Marina Warner Unmasks the Myths
Marina Warner is a British novelist, mythologist, historian, and culture critic. Her studies of myths and symbols include Alone of All Her Sex: The Myth and Cult of the Virgin Mary and From the Beast to the Blonde: On Fairy Tales and Their Tellers. Her novel, The Leto Bundle, will be released in the U.S. in May. Helen Antrobus spoke with Ms. Warner by phone.
conduit: Do you think that the Disney effect on myth limits our ability to deal with something like terrorism in a complex way, because our stories are so denatured that they only bring us to this point of good vs. evil?
marina warner: Yes, I think that’s the dominant problem of global marketing strategies in the entertainment industry. Stories always have responded to local problems. As I’ve argued, you know, it’s not as though there are archetypal scripts in the psyche. It’s a practical thing. People tell stories to get to grips with what is assailing them, what is troubling them. The stories may or may not be effective, but in the act of representing what you fear, then you have some kind of curiously better way of handling it. You can confront it better. Usually the way that’s happened is that transactions and exchanges have kept very close to the ground of what is the problem.

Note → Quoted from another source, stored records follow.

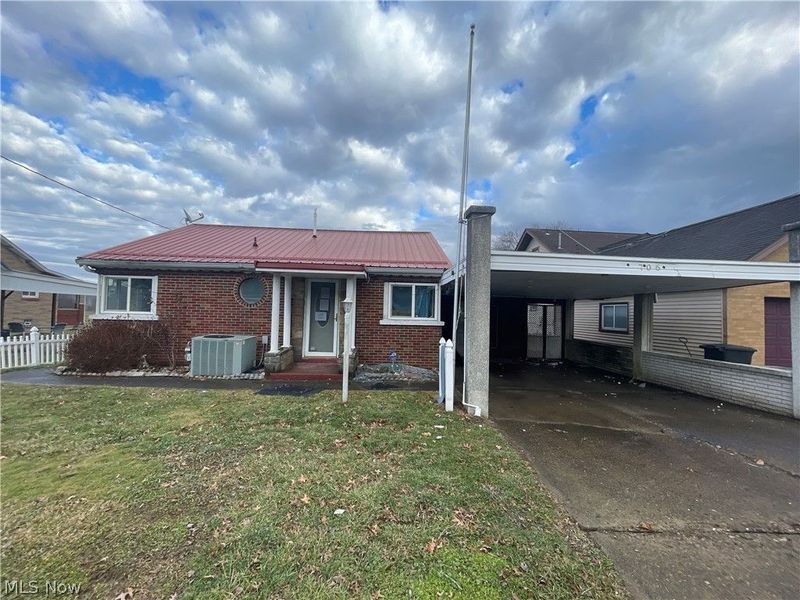 706 Vine Street, Tiltonsville, OH 43963 Photo 1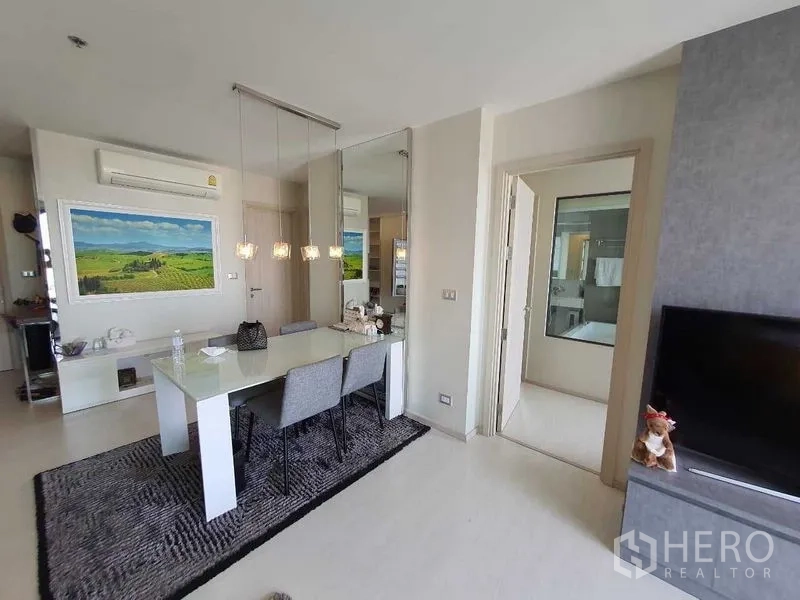 คอนโด ขายในKhlong Toei, Bangkok - พื้นที่รับประทานอาหารสว่าง โคมไฟแขวน ผนังกระจกเงา และประตูไปยังห้องน้ำ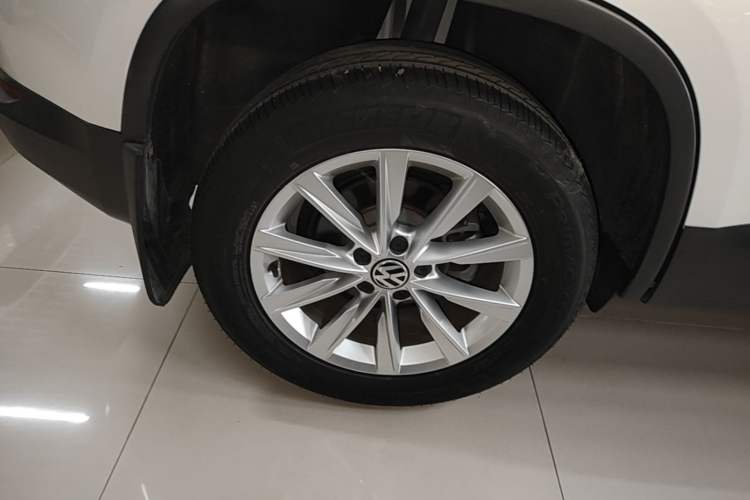 Used Volkswagen Tiguan 2016 280TSI Automatic Two-Wheel-Drive Silk Road Style Edition Right Rear Wheel Hub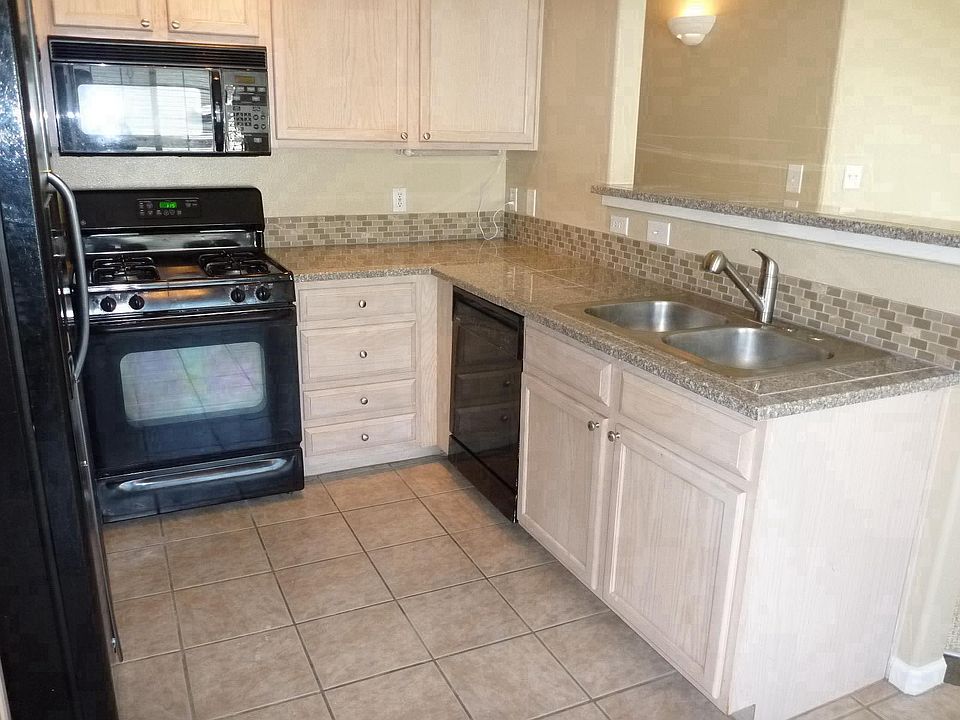 Granite Counters in Kitchen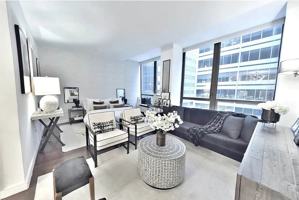 featured image of Wall St #701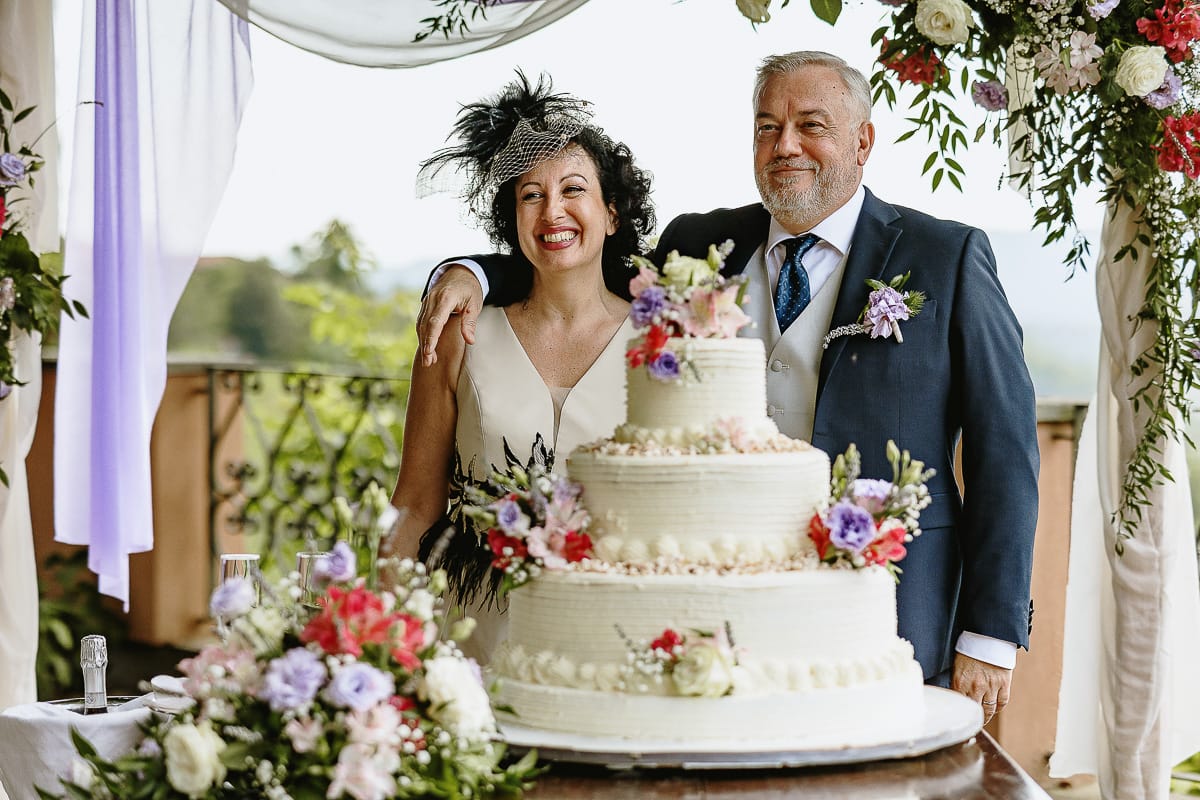 Fotografo matrimonio in Monferrato. Matrimonio di Serena e Fabrizio al Vecchio Castagno di Cocconato d'Asti. Taglio della torta. Sposi sorridenti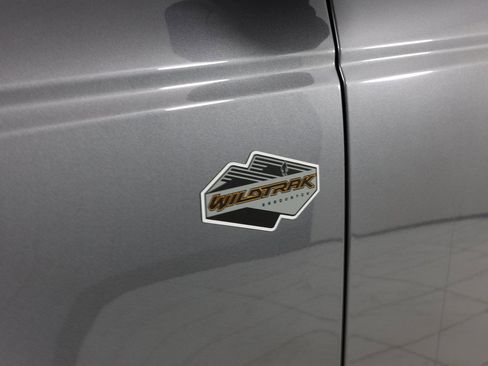 Used 2022 Ford Bronco Wildtrak image 17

So the Cinderella story is different in Italy because of the dowry problem than it is in another country where you don’t have a similar insistence on dowries.
What’s happened now, of course, is they do go for the broad brush conflicts, because they’re selling everywhere, all over the world. And they’re losing some of the complexity and the nuances and the sensitivity. You see, the new Lord of the Rings and Harry Potter, are films I could put in the lineage of Star Wars, which also has a very Manichaen plot, a very “good and evil” plot.